Die Revision wurde zugelassen mangels höchstgerichtlicher Rechtsprechung zur Frage, ob § 275 Abs 5 UGB auch auf geschädigte Dritte anzuwenden sei, ob diese Bestimmung auch bei vorsätzlichem Handeln gelte und wann der (Primär )Schaden bei einem Schneeballsystem eintrete.

Dagegen erhebt der Kläger Revision mit dem Abänderungsantrag, dem Klagebegehren zur Gänze stattzugeben, in eventu, die Urteile der Vorinstanzen aufzuheben.
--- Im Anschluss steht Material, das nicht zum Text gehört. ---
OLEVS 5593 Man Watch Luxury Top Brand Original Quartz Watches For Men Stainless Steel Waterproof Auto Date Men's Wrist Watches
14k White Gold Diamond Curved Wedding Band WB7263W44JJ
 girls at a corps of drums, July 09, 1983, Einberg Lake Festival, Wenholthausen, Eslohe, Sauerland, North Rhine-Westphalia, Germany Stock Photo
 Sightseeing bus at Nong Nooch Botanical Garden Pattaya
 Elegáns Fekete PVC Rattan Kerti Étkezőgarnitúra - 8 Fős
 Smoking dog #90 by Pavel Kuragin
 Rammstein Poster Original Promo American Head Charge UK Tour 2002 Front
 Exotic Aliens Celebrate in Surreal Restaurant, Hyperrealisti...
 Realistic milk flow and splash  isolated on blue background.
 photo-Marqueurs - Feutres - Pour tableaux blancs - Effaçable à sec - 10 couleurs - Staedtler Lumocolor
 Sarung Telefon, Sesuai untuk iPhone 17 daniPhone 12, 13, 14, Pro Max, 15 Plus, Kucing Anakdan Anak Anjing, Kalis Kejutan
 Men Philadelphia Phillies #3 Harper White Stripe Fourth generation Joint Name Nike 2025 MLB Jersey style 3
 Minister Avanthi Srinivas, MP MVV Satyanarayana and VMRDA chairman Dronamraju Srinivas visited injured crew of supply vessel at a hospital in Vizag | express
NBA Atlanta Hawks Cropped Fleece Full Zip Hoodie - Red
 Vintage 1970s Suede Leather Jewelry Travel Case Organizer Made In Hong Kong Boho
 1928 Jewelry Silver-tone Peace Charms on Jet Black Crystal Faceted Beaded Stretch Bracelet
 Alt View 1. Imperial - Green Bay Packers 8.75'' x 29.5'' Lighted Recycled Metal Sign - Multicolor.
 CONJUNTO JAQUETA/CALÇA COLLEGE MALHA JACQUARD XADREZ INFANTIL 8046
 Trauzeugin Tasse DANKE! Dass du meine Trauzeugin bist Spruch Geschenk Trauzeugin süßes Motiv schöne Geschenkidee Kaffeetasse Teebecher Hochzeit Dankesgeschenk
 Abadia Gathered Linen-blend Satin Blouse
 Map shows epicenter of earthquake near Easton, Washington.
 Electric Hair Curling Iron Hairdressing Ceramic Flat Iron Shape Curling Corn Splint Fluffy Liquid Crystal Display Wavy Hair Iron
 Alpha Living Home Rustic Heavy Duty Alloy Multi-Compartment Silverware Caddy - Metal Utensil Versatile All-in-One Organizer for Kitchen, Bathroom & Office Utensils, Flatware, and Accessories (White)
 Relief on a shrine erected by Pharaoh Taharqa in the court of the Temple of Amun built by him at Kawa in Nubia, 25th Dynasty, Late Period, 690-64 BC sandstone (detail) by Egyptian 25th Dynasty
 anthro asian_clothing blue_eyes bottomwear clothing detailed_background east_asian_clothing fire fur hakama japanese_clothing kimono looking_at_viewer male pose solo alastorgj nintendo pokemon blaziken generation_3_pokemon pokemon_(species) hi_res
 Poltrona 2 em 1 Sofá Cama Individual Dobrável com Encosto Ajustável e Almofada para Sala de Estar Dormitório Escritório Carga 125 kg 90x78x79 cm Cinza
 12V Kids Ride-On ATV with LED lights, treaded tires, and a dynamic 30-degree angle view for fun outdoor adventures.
Die Beklagte beantragt in ihrer Revisionsbeantwortung, die Revision als unzulässig zurückzuweisen, in eventu, ihr nicht Folge zu geben.

Rechtliche Beurteilung

Die Revision ist im Hinblick auf das Abweichen der Berufungsentscheidung von der mittlerweile ergangenen Judikatur des Obersten Gerichtshofs zulässig und im Sinne des eventualiter gestellten Aufhebungsantrags auch berechtigt:

Wie der Oberste Gerichtshof jüngst in seiner Leitentscheidung 3 Ob 230/12p und dem folgend auch in 2 Ob 241/12y ausgesprochen hat, ist für im Rahmen der Tätigkeit als Abschlussprüfer begründete Schadenersatz-Ansprüche nach der Spezialnorm des § 275 Abs 5 UGB, die nicht nur der geprüften Gesellschaft sondern auch gegenüber Dritten anzuwenden ist, je nach dem, ob ein fahrlässiges oder ein vorsätzliches Fehlverhalten zugrunde liegt, die fünfjährige Verjährungsfrist objektiv oder subjektiv anzuwenden.

Hier wird dem Abschlussprüfer die aktive Beteiligung an strafbaren Handlungen in Zusammenhang mit A***** und das Bestehen des Verdachts der Bilanzfälschung vorgeworfen (ON 3), somit vorsätzliches Handeln, sodass von der fünfjährigen Verjährungsfrist in der subjektiven Variante auszugehen ist.

Das Erstgericht wird daher im fortgesetzten Verfahren diese Rechtslage sowie insbesondere die Frage zu erörtern haben, wann der Kläger ausreichende Kenntnis von Schaden und Schädiger erlangt hat. Sollte der Verjährungseinwand unberechtigt sein, wäre sodann die Berechtigung der erhobenen Vorwürfe zu prüfen.

Der Kostenvorbehalt gründet sich auf § 52 ZPO.